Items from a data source
-----

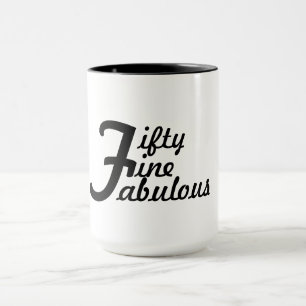 Cinqüênta finos e caneca de café fabulosa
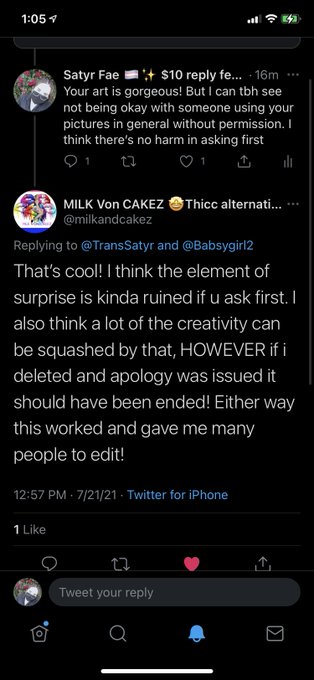 Idk about you but this post came off super entitled to me. I am a painter and if I ever use someone&rsquo;s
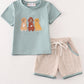 Puppy Embroidery Boy Set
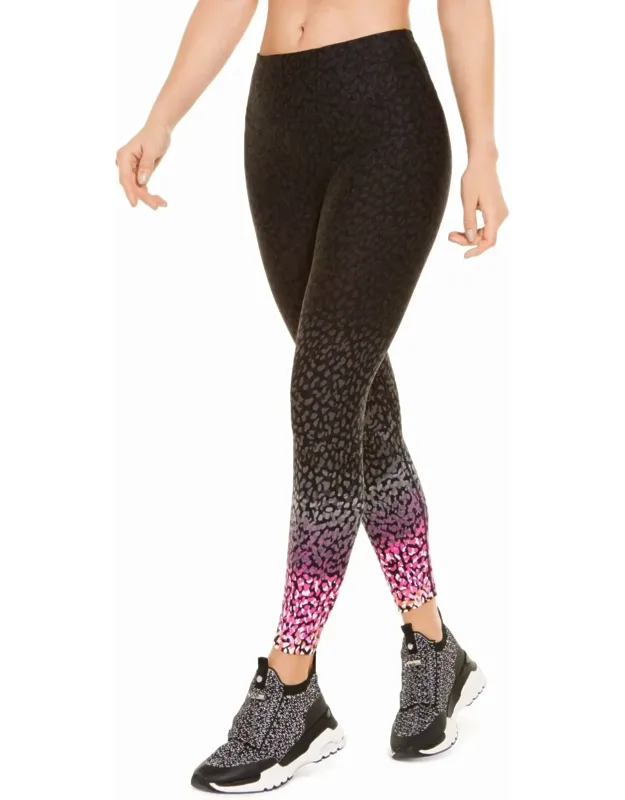 Activewear Wild Ombre Printed High Waist Leggings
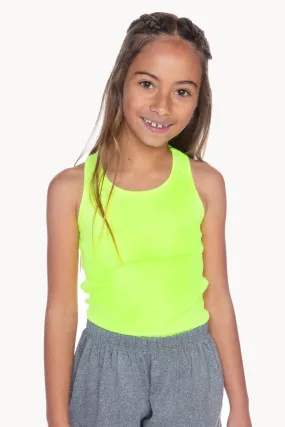 Ribbed Racerback Tank - Neon Yellow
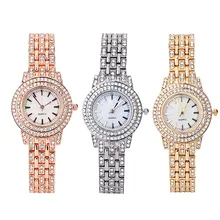 Aliexpress - Diamond Women Luxury Brand Watch 2021 Rhinestone Elegant Ladies Watches Gold Clock Wrist Watches For Women relogio feminino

-----

▸ **ABOUT THIS TASK**:
Without copying the pictures, transcribe the entries exactly.

▸ **ANSWER BELOW**:
 Cinqüênta finos e caneca de café fabulosa
 Idk about you but this post came off super entitled to me. I am a painter and if I ever use someone&rsquo;s
 Puppy Embroidery Boy Set
 Activewear Wild Ombre Printed High Waist Leggings
 Ribbed Racerback Tank - Neon Yellow
 Aliexpress - Diamond Women Luxury Brand Watch 2021 Rhinestone Elegant Ladies Watches Gold Clock Wrist Watches For Women relogio feminino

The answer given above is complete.